Let’s Take A Moment Day 458

Hi everyone.  Hope you are all well and continue to stay that way during this global health crisis we are facing.  But in addition to protecting your physical wellness, what are you doing to stay mentally healthy today?

June 2021 blog

(Image found online.  Original source unknown.)

I know we are still facing a serious situation but a new year gives us hope for the new days, seasons, opportunities & moments ahead. Still, music is something that will never change for me. It is my refuge, the most comforting part of my life & the one thing I consistently count on. So until a more normal semblance of life returns, I am going to share a song I listen to that helps me escape the current state of things, if only for a few minutes each day. And if this helps anyone else, even better.

When I saw the “No Nukes” movie I discovered one of Bruce Springsteen’s favorite songs because he did a cover of it for the concert. The original version was a #1 song for two weeks in the summer of 1961 by singer Gary U.S. Bonds. He was born Gary Anderson on June 6, 1939 in Florida and began singing in church as a child.

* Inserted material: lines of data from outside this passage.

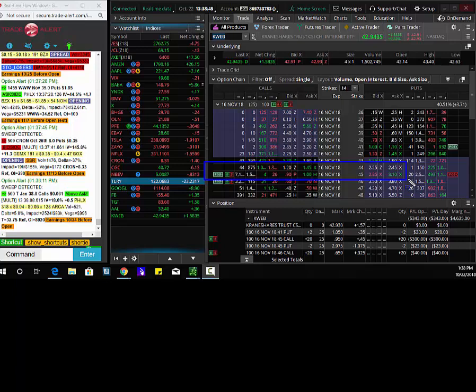Targets would be $1.40 and $1.70. I like this trade in KWeb and I think KWeb moves higher. Thanks, we'll run it back tomorrow.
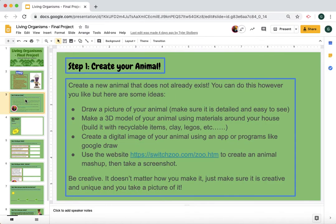Create a new animal that doesn't already exist. You can do it however you like, but here are some ideas: you can draw a picture of your animal — make sure it's detailed and easy to see. Make a 3D model using materials around your house: recycled items, clay, Legos. Create a digital image using an app or program like Google Draw. Or use the website SwitchZoo to create an animal mashup and take a screenshot. Be creative — just make sure it's unique and you take a picture of it.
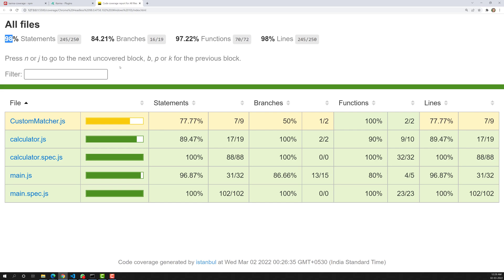So this is how you create coverage reports in Karma — simply install the karma-coverage plugin and configure it. This concludes the coverage report topic, and I believe we have covered almost all the concepts in Jasmine as well. If you have any doubts, please post comments below. If you like this video, please support me by subscribing to my channel. Thank you.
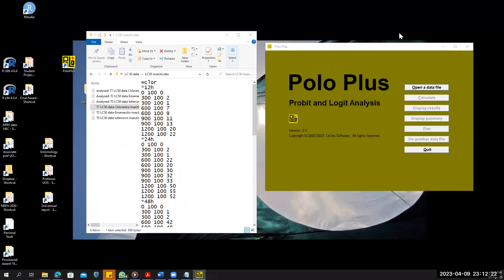I will let you know about the use of POLO Plus to calculate the LD50. The most important thing is how to enter the data. If you have this software, POLO Plus, just click on the software and it will open after clicking this tab.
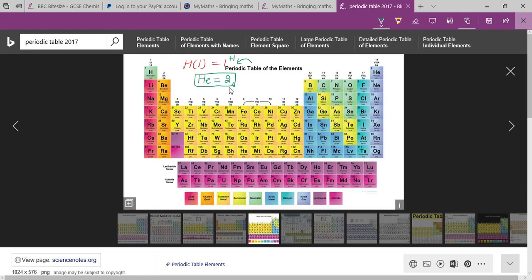Hydrogen has one electron in its outermost shell, so it sits above lithium. But it can also accept one electron, making it electronegative. It will then attain the stable electronic configuration of helium, which has two electrons in its only shell.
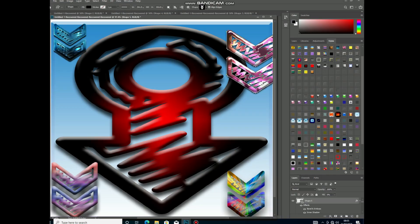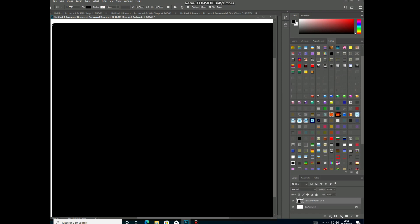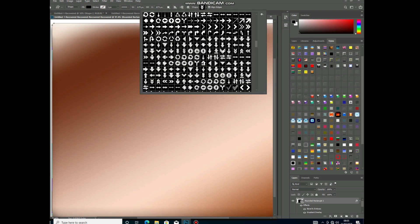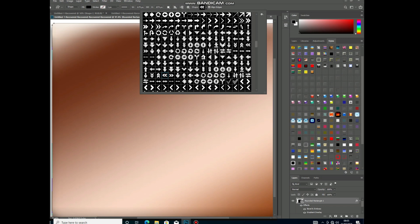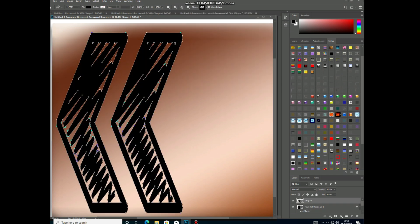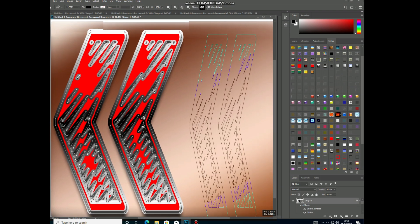Hi guys, welcome to a new tutorial. First of all, like and subscribe to my channel and press the bell icon for more updates. In this video, we will discuss how to create documents — a simple design using styles and a custom shape in Photoshop.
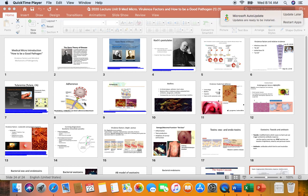I believe it's April 22nd and we are in week 13, almost at the end of the semester, still shelter in place. And folks, this is starting a new unit.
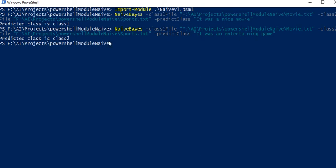Stay tuned for a tutorial on this and more algorithms which are being implemented in PowerShell. Thank you, bye bye.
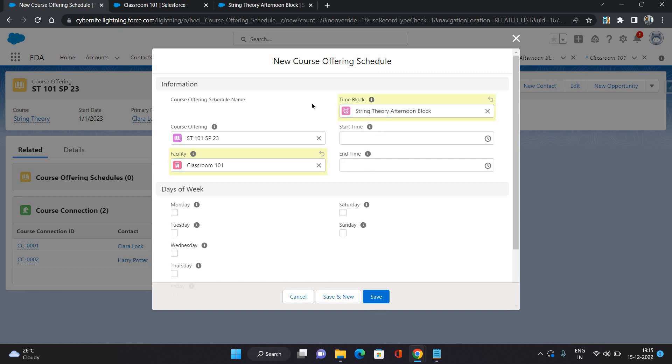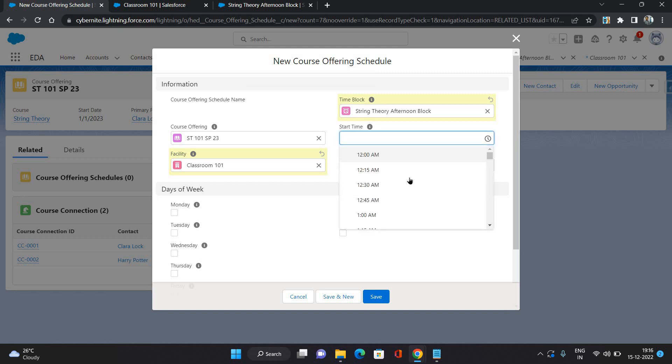What this means exactly is at Classroom 101 from 1 PM to 2 PM, the class is going to happen. The class about string theory is going to happen from January to March of 2023. That is what this course offering and course offering schedule is all about. You can specify the start time and end time over here as well.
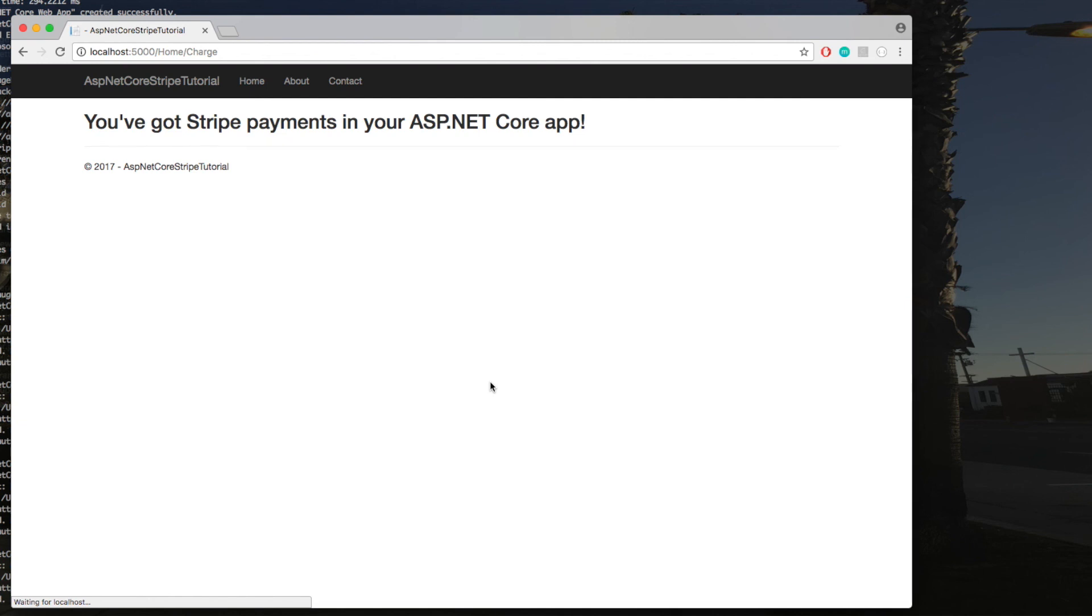Be sure you've added your API keys to the appsettings.json. Unless you've done that, the payment won't go through successfully. But if you have, you now have Stripe payments integrated into your ASP.NET Core application. Congrats, thanks for watching!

When he was about 20 years old he signed with Legrand Records and worked closely with producer Frank Guida. He co-wrote today’s song with two other people & Bonds provided the vocal arrangement.

He had two other hits in the early 1960’s-“New Orleans” and “School Is Out”-before his career plateaued as a result of the British Invasion. But Springsteen & his best friend/guitarist Steven Van Zandt remained huge fans and got the chance to work with Bonds in 1980. The following year his album Dedication was released & revived his career.

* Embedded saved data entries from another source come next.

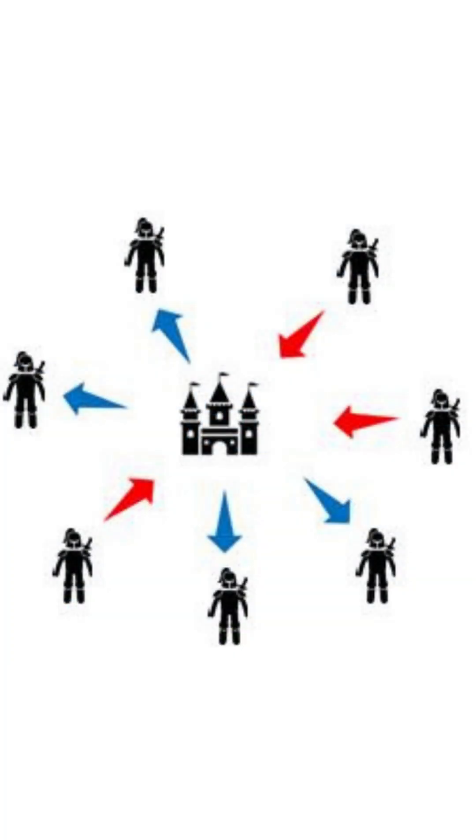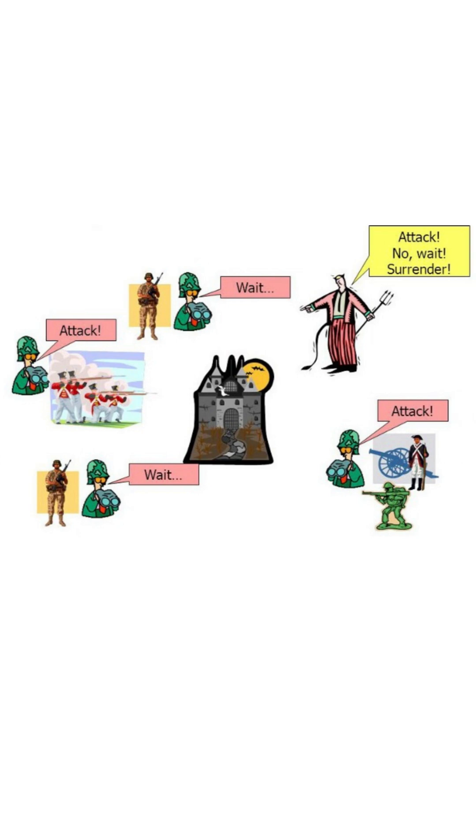The problem is named after the historical scenario of the Byzantine Empire, in which several military commanders or generals must coordinate an attack on a common enemy, but some of them may be traitors and send false messages.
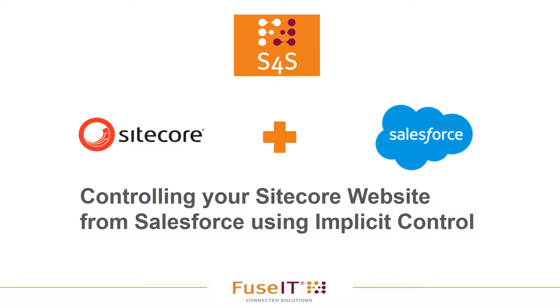Hi and welcome to controlling your Sitecore website from Salesforce using Implicit Control with the S4S connector from Fuse IT. I'm Anastasia Cambridge.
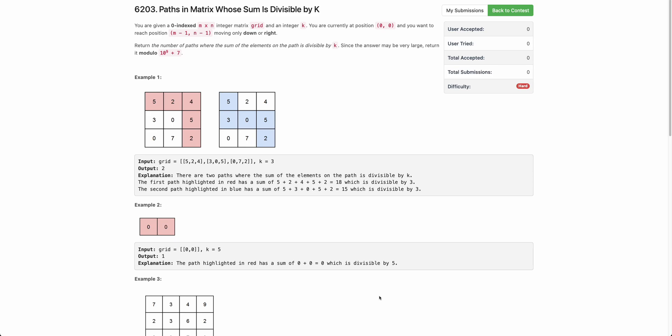Hello everyone, welcome back to the channel. In this video we will be discussing about the last problem of today's weekly contest: Paths in Matrix Whose Sum is Divisible by K.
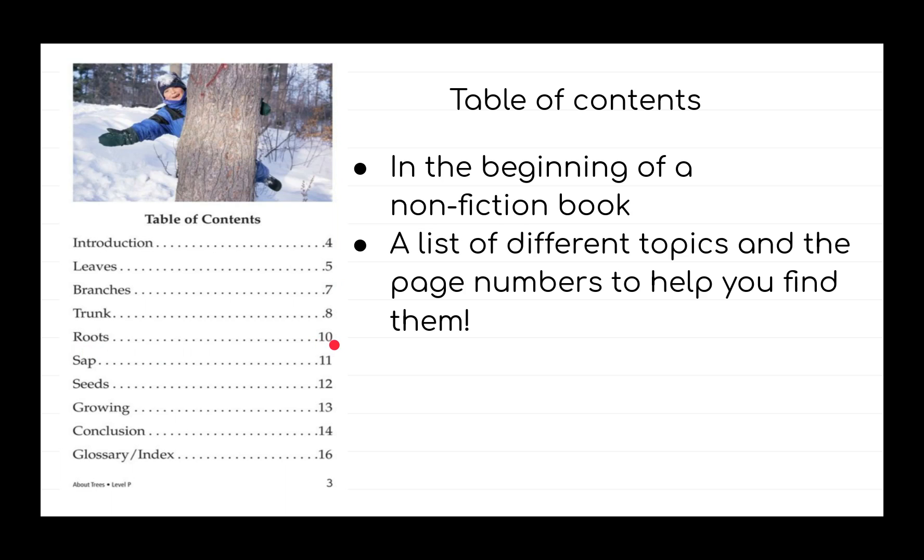If you look at the bottom, our table of contents ends with glossary and index, which you can find on page 16. This is another important feature in a non-fiction book.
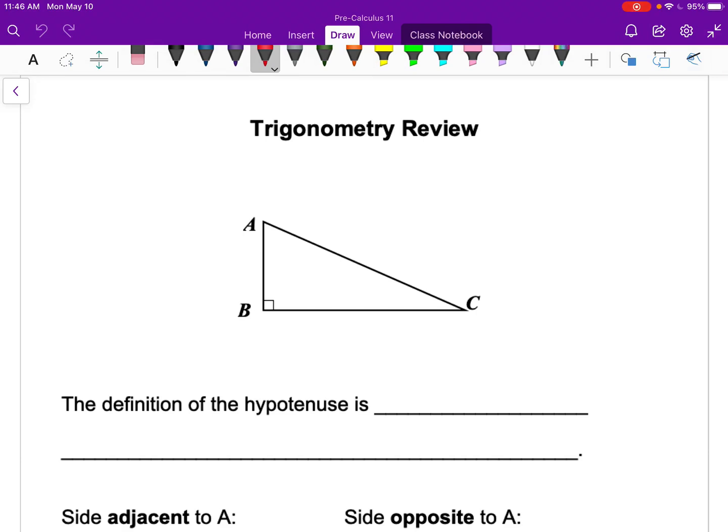This lesson is reviewing the basic elements of trigonometry from what you likely learned in Math 10, which we call right angle trigonometry. This is essentially all review, though there may be a few parts that are a little bit new.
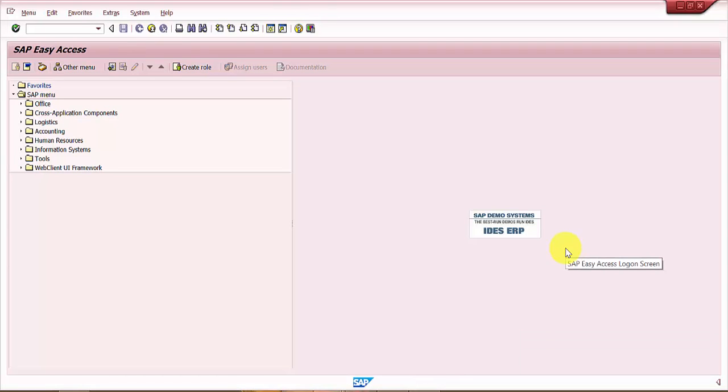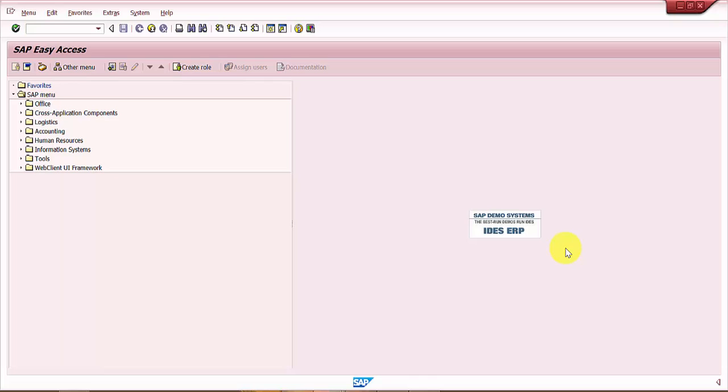Hello all, welcome again. The objective of this video is to see how to find out the current period for a posting in SAP. Whenever there is any material document, there is some posting that is happening.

It contained the Top 20 hit, “This Little Girl”, a song Springsteen wrote to be included on The River album, but he decided Bonds would be a better fit for the track. The Boss wrote two other songs for the album, Van Zandt contributed one as well and the rest of The E Street Band performed all the music for the project. And all that happened because Springsteen heard today’s song when he was 11 years old & it stayed with him for the rest of his life. I can totally relate.

I never had it so good
Yeah and I know you never could
Until you get hip with that jive
And take a band like the Church Street Five
“.

Bonds 1960

Dedication

Top: Gary U.S. Bonds circa 1960. Bottom: His 1981 album, Dedication. (Images found online.  Original sources unknown.)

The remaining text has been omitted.